⟨

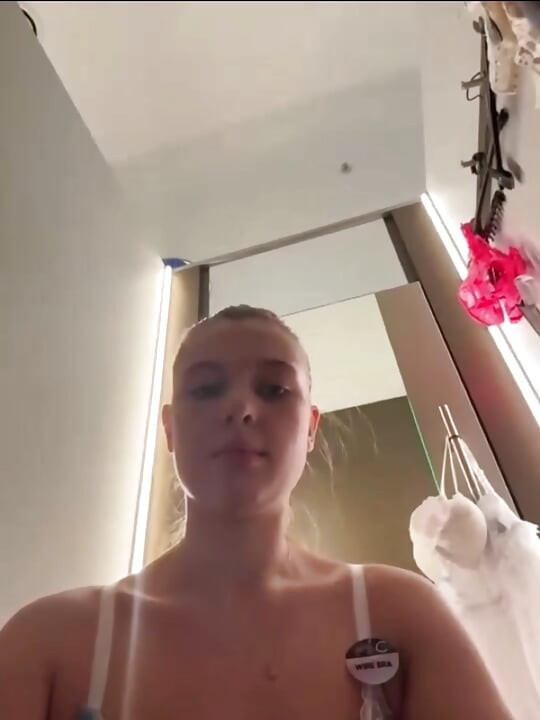 Jucielussie public Masturbating in the locker room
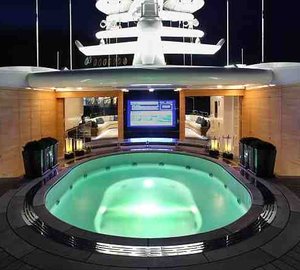 Spa Pool on board of the Viareggio Superyachts charter yacht Candyscape 2
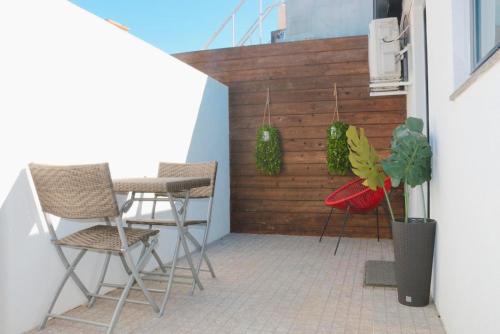 9 min Metro to Downtown -Remote working - Free Parking, Porto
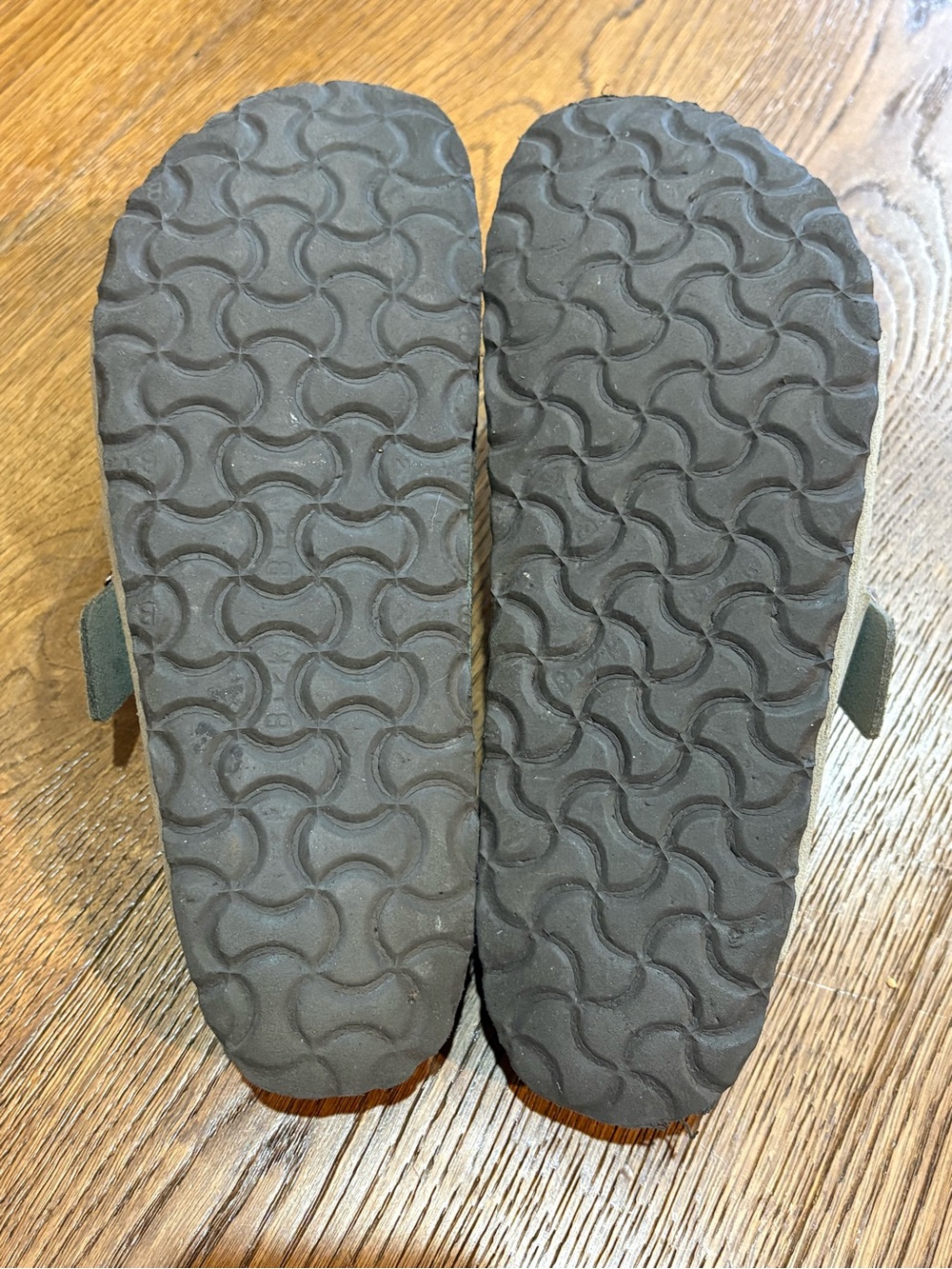 Birkenstock Arizona Suede Soft Footbed Sandals in Taupe. Size 39 - Picture 6 of 8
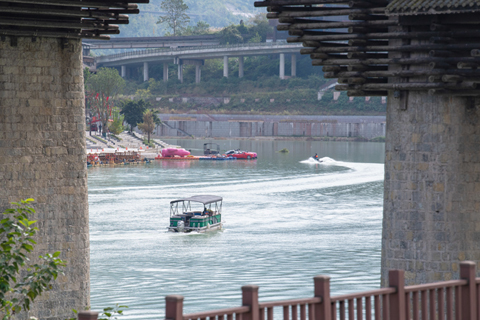 ◎ 十月三十日,遊船在濯水古鎮旁的阿蓬江江面上行駛。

⟩

▶ **Aim of the exercise**: Give back an exact copy of only the lines from the one with "9 min Metro" through the final line of the material, both included. Pictures do not belong in it.

▶ **Result**:
 9 min Metro to Downtown -Remote working - Free Parking, Porto
 Birkenstock Arizona Suede Soft Footbed Sandals in Taupe. Size 39 - Picture 6 of 8
 ◎ 十月三十日,遊船在濯水古鎮旁的阿蓬江江面上行駛。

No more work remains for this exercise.